In the ’90s, a small, macrobiotic restaurant in Lapa called Semente started featuring samba vocalist Teresa Cristina and her Grupo Semente. Word spread and soon the group was drawing listeners from around the city. “This restaurant was the seed that sprouted the whole movement of samba again,” says Irene Walsh, an American singer and filmmaker, who is producing a documentary on samba in the Lapa district.
Slowly but surely, Lapa’s music scene blossomed as more bars and restaurants added live samba and choro acts. “Now we’re 15 years into the scene, so there’s a whole generation of musicians that have literally grown up playing in it,” says McCann. “It adds a kind of depth. What we’re getting now is not just a kind of revivalist mode, but really people who are taking this music in different directions.”
Listen to tracks from the Smithsonian Folkways album, "Songs and Dances of Brazil."
Many musicians have begun experimenting with instrumentation, including piano, drums, or even electric bass in their ensembles. Improvisation with choro is creating a new blend of sounds, a fusion of the genre with American jazz.
“We still have our own music,” musician and undersecretary of culture of Rio de Janeiro, Humberto Araújo recalls Paulo Moura telling him years ago when he studied with the master clarinetist and saxophonist decades ago. “ ‘It’s time for you to feel it,’” Moura had proclaimed to Araújo in the 1980s.
Baile Funk
Though youths living in favelas flock to Rio’s bailes funk, the scene is not likely to draw tourists. The quadras, used by samba schools in the past for Carnaval preparations, are now the turf for funk dances, where the festive spirit is matched by the threat of gang violence and drugs. The funk dances and many of the performers are sometimes funded by some of Brazil’s most infamous gangs, according to Professor Paul Sneed, an assistant professor in the Center of Latin American Studies at the University of Kansas.
Two types of funk first emerged in Rio in the 1970s: montage, a DJ-mixed layering of samples and beats from media ranging from gunshot noises to American funk recordings, and “rap happy,” which revolved around sung (not rapped) narratives by emcees.

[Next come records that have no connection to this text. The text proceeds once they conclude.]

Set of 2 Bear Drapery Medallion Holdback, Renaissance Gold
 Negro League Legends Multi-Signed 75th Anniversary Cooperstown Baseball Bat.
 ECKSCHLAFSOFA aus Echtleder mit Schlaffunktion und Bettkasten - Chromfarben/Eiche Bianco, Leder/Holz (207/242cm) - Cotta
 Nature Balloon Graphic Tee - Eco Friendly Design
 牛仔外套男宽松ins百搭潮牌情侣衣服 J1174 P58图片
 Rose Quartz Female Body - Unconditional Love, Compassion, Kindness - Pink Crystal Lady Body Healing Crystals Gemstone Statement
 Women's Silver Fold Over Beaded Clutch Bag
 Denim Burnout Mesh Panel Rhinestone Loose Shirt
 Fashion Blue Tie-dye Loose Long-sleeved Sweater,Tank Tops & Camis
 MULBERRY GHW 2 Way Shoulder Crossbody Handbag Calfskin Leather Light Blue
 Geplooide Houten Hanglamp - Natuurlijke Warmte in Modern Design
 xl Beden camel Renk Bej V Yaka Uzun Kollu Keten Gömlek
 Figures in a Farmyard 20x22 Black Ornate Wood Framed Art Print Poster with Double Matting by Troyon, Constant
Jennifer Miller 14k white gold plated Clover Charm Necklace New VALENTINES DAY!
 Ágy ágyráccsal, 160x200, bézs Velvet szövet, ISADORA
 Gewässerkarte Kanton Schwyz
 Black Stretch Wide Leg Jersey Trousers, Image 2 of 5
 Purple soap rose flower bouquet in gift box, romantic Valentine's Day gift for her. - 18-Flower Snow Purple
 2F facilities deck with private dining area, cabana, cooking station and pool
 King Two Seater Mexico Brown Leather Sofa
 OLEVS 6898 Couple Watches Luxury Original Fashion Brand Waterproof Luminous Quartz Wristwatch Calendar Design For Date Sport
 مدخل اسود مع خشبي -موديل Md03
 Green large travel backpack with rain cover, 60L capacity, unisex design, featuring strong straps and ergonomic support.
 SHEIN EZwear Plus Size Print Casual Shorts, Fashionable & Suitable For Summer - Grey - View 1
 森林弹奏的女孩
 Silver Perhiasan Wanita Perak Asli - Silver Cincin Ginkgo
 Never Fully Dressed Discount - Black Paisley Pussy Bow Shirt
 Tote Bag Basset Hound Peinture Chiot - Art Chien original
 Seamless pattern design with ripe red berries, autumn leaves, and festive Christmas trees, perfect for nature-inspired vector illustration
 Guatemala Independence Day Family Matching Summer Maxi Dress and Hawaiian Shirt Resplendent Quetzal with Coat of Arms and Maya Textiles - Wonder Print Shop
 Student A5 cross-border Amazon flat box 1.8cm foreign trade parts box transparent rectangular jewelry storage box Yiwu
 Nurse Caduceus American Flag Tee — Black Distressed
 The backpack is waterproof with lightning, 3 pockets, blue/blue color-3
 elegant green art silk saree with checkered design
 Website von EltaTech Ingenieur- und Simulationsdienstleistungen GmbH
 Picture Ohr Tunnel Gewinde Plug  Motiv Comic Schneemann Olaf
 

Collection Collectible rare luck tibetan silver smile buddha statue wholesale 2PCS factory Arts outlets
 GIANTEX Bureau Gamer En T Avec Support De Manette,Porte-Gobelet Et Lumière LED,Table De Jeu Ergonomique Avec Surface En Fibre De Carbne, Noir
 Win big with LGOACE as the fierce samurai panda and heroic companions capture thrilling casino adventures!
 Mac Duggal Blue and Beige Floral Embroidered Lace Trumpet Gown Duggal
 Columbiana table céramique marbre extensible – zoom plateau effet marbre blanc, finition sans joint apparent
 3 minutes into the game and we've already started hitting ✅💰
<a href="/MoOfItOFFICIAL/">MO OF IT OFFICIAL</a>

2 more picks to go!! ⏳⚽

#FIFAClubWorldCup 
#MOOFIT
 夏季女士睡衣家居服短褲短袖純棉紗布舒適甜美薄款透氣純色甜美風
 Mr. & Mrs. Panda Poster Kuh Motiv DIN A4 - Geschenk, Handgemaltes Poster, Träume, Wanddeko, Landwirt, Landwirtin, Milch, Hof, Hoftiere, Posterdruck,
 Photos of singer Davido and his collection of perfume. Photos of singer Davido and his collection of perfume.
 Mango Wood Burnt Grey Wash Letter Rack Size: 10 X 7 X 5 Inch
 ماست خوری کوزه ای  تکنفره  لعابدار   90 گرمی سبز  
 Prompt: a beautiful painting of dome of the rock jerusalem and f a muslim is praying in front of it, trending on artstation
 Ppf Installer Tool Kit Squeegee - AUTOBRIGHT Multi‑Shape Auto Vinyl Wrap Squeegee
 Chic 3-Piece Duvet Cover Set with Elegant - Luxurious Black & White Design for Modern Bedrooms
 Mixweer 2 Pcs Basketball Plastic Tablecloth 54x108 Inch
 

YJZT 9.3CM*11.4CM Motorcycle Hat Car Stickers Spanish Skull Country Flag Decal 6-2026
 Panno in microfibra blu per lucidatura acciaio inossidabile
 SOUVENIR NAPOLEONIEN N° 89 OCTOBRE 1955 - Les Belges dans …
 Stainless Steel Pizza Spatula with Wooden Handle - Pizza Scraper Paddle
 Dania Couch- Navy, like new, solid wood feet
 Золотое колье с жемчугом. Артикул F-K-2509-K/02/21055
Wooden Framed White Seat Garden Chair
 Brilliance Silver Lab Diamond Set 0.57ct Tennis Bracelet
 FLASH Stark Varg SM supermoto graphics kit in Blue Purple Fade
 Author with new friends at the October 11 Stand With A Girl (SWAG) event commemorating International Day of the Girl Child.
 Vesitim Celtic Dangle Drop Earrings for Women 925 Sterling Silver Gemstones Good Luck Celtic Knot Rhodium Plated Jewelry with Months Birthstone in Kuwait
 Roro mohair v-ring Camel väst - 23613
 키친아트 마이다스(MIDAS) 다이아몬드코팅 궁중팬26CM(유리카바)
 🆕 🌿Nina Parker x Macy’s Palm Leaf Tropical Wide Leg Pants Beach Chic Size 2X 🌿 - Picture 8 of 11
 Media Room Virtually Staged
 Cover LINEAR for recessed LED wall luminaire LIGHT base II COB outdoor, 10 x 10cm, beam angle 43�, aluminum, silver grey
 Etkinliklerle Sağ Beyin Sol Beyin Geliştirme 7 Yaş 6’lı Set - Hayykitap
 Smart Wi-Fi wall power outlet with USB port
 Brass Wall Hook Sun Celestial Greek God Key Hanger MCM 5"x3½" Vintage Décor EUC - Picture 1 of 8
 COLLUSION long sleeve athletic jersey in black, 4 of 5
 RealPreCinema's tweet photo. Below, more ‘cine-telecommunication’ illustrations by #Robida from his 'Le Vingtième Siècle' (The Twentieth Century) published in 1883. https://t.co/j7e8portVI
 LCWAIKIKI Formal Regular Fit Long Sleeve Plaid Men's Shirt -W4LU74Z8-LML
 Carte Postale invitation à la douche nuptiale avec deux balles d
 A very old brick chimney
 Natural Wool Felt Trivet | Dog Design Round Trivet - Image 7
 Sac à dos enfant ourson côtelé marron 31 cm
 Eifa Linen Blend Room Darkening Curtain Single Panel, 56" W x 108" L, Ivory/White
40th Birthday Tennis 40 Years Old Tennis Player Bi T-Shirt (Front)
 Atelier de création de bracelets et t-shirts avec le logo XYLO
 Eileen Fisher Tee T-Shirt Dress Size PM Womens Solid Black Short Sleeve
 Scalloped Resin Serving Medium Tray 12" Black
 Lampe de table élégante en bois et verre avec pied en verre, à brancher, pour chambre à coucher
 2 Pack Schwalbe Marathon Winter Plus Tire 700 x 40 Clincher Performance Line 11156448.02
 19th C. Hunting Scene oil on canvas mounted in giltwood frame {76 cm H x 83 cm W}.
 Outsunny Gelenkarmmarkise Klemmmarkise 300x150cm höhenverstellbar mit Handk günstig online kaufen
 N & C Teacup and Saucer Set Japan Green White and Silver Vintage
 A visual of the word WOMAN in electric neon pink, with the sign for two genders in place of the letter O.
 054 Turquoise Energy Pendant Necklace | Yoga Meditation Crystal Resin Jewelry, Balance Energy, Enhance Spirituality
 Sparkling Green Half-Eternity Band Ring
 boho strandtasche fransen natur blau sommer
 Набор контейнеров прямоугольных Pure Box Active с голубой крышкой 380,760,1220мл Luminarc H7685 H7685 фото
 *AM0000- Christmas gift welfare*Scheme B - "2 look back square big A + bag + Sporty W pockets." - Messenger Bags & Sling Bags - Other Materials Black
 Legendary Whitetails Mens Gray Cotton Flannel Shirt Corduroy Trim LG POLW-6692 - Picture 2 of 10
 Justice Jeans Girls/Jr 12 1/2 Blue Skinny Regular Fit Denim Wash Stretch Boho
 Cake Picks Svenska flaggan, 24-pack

Variations evolved over the years, from a Miami hip-hop style with a bass-driven rhythm to the heavily syncopated rhythms derived from the Afro-Brazilian syncretic religions Candomble and Umbanda.
Funk lyrics, in the sub-genre called “funk sensual,” are usually sexually suggestive and provoke equally suggestive dancing. While double entendres and sexual objectification abound, funk sensual does not necessarily carry the same sexist and homophobic messages for which American hip-hop has often been criticized. Transvestites are big fans of funk and a few have become prominent performers of the music. According to Sneed, who has lived in a Rio favela, “women can assume a traditionally masculine stance [of being the pursuer] and they objectify men in a playful way.”
Another lyric subgenre is called Proibidão, which emphasizes the gangster associations of the music. Sneed says Proibidão may be increasingly popular because it speaks to the social experience of youths in the favelas. “The everyday person who’s not actually involved in a gang somehow identifies with the social banditry as a symbol of some sort of power and hope.” Whether the appeal lies in the hard-driving beats or its controversial lyrics, Rio’s favela funk scene gains more and more listeners every day.
Brazil’s musical diversity is good thing, says culture undersecretary Araújo. “I believe that every style or genre should have its own place, its own stage. Music is no longer an elite affair.”